A federal appeals court Wednesday blocked road construction in at least 40 million acres of national forests, including about 2 million acres in Washington state and 2 million acres in Oregon.
The decision by a three-judge panel of the 9th U.S. Circuit Court of Appeals reinstates most of a 2001 rule put in place by President Clinton just before he left office. That rule prohibited commercial logging, mining and other development on about 58 million acres of national forest in 38 states and Puerto Rico. A subsequent Bush-administration rule had cleared the way for more commercial activity on those lands.
The latest ruling, issued in San Francisco, sides with several Western states, including Washington, and environmental groups that had sued the U.S. Forest Service after it reversed the so-called "Roadless Rule" in 2005.
But it is not the final word on roadless forests.
A separate case is pending in the 10th U.S. Circuit Court of Appeals, where environmental groups are appealing a district-court decision in Wyoming repealing the Clinton roadless rule.
"We're not out of the woods yet. ... But we are confident that the Wyoming decision will be reversed," said Mike Anderson, a senior resource analyst with The Wilderness Society in Seattle.
The 9th Circuit decision "halts the Bush-administration assault on roadless areas, but the Obama administration must now take the next steps necessary to make protection permanent and nationwide," he said.
The Obama administration cited the legal uncertainty this spring in ordering a one-year moratorium on most road-building in the forests.
A May 28 directive by U.S. Agriculture Secretary Tom Vilsack gives him sole decision-making authority over all proposed forest-management or road-construction projects in designated roadless areas in all states except Idaho. Idaho was one of two states that developed its own roadless rule under the 2005 Bush policy, which gave states more control over road-building in remote forests.
Lawyers involved in the case said the 9th Circuit ruling reinstated the Clinton-era rule everywhere except Idaho and the Tongass National Forest in Alaska. The Tongass was exempted in a separate 2003 decision.

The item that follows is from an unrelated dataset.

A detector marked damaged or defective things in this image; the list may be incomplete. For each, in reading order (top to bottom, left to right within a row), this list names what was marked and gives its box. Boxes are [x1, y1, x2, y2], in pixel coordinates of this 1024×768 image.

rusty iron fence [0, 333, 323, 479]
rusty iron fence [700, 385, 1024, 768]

Vilsack said in May that his directive should ensure that oversight of activities in the affected areas can continue while long-term roadless policy is developed.
No word on Wyoming
Justin DeJong, a spokesman for Vilsack, said, "the Obama administration supports conservation of roadless areas in our national forests, and this decision today reaffirms the protection of these resources."

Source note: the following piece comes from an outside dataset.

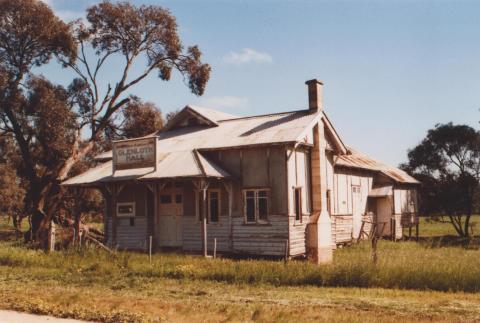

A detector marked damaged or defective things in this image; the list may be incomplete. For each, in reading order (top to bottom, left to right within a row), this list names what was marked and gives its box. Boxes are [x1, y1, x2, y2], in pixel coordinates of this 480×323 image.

rusty roof [334, 149, 420, 185]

The Obama administration has not said whether it will defend the Clinton rule in the Wyoming dispute, but environmentalists say the administration should step in.
Even without that step, environmental advocates hailed the ruling, calling it the end of the Bush-era rule on roadless forests.
"This is a huge step. It puts the roadless rule back in place," said Kristen Boyles, a lawyer in the Seattle office of the environmental group Earthjustice, which represented a coalition of environmental groups in the case.
Boyles, who has fought for nearly eight years to uphold the 2001 rule, said the 9th Circuit ruling "is what we need to be able to have the protection on the ground for the last wild places and for hikers and campers."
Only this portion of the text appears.